Hi
@azreenariff,
Thank you for your last reply and uploading the screen shots. I've discussed your system internally here with the support team. What's happening here is that the sever is lagging due to the large number of hosts and services. Generally at 10K total combined host/service checks we recommend that you setup a RAMDisk (you've already done this). At around 20K, we recommend you start looking at adding an additional XI server because they can only process so much. Now this may come sooner or later than 20K depending on what type of checks you are running, how much resources they use, your hardware speed, and what you're doing to mitigate the impact.
Recommendations:
1.
Execution Time Plugin. You should run this check profiler script and see what long running checks you have and determine what some of your long running checks are, they consume resources the whole time they are running so reducing those helps a lot:
https://exchange.nagios.org/directory/P ... me/details
2.
Mod-Gearman. The next step would be for you to look at offloading the checks using mod gearman to reduce the impact on the XI server (you've already done this as well), this would be my recommendation at what you can do to add more services and alleviate the system issues. There's just so much going with around 20K checks that you will need to do what you can to mitigate the impact such as using mod gearman, please see here for more information:
https://assets.nagios.com/downloads/nag ... ios_XI.pdf
https://support.nagios.com/kb/article.php?id=484
NOTE: Make sure that you follow the "Remote Worker Considerations" and the "Host groups and Service groups" sections from the second link above and then follow the "Disable Worker" section from the first link once you've setup your exclude groups.

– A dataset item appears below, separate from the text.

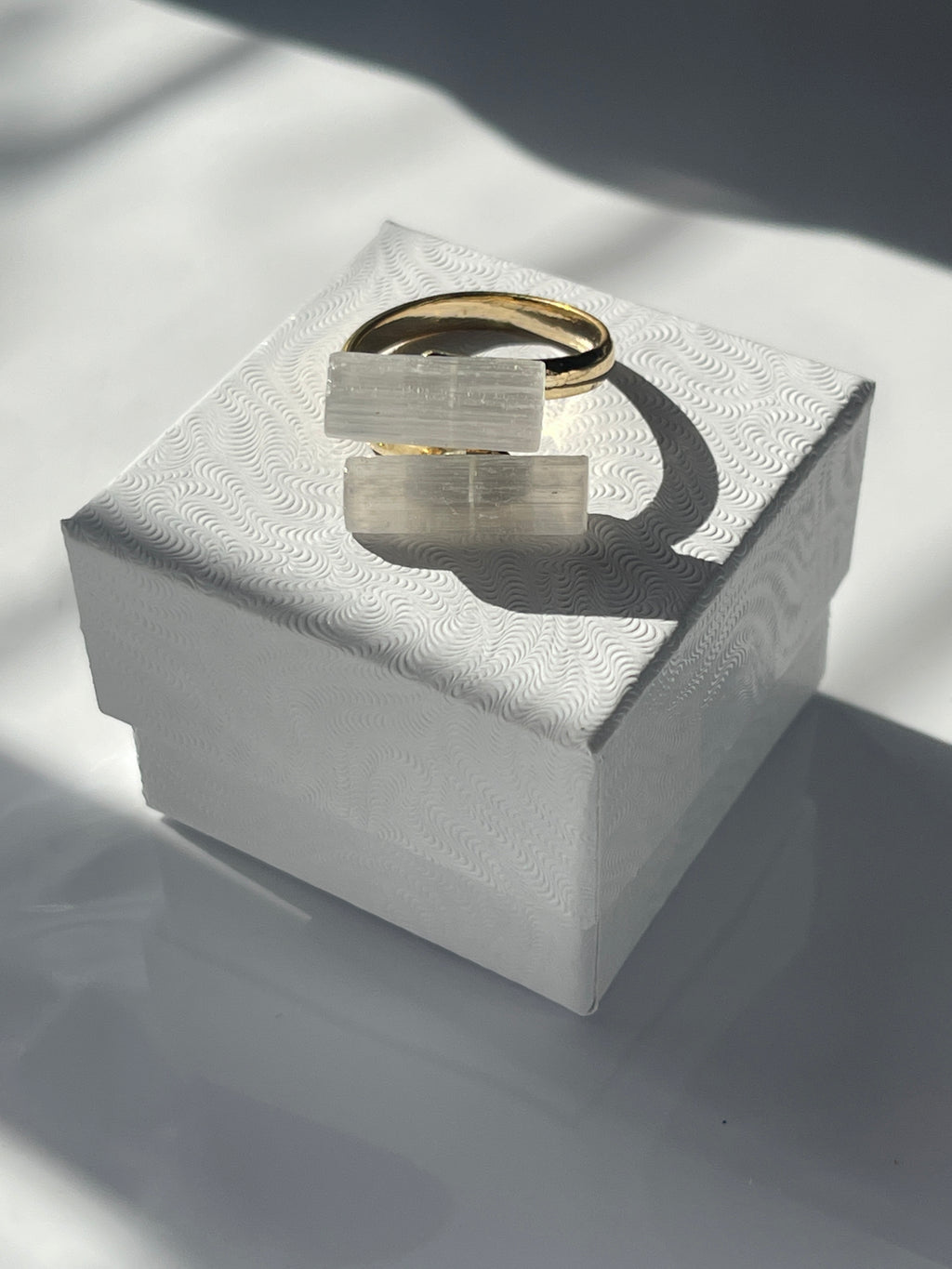 Selenite Gold plated ring on a white jewelry box in Florida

Please read through this doc as well, with the number of checks you are running I would leave the DB local though at this point in time because of the large amount of total checks you have, it requires a lot of throughput to the DB (recommended enabling jumbo_frames):
https://assets.nagios.com/downloads/nag ... ios-XI.pdf
3.
Adjust Database Settings. Go to Admin > Performance Settings > Databases and adjust your retention settings to the smallest values you can, you're trying to cram way more into a single system than we recommend so you'll need to make some sacrifices somewhere to mitigate that.
4.
Truncate Tables. Your nagios_logentries is huge, want a perfomance boost? Truncate your large tables:
- This will likely speed up KMQ processing so try this first
| nagios_logentries | 10757.31 |
| nagios_notifications | 6351.91 |
Follow this guide here:
- Specifically, follow this section "In certain instances, it may be necessary to truncate (empty) one or more tables" on page 5 of the PDF
https://assets.nagios.com/downloads/nag ... tabase.pdf
4.
Move your DB back to local. This SHOULD fix the kernel message queue processing quick enough (that's the lag you are seeing)
- That's the only solution I've ever been able to find to this "customer has too many hosts/service checks on a single system to process the kernel message queue fast enough across the network" issue.
5.
Additional XI Server. Consider a new XI license and split the load.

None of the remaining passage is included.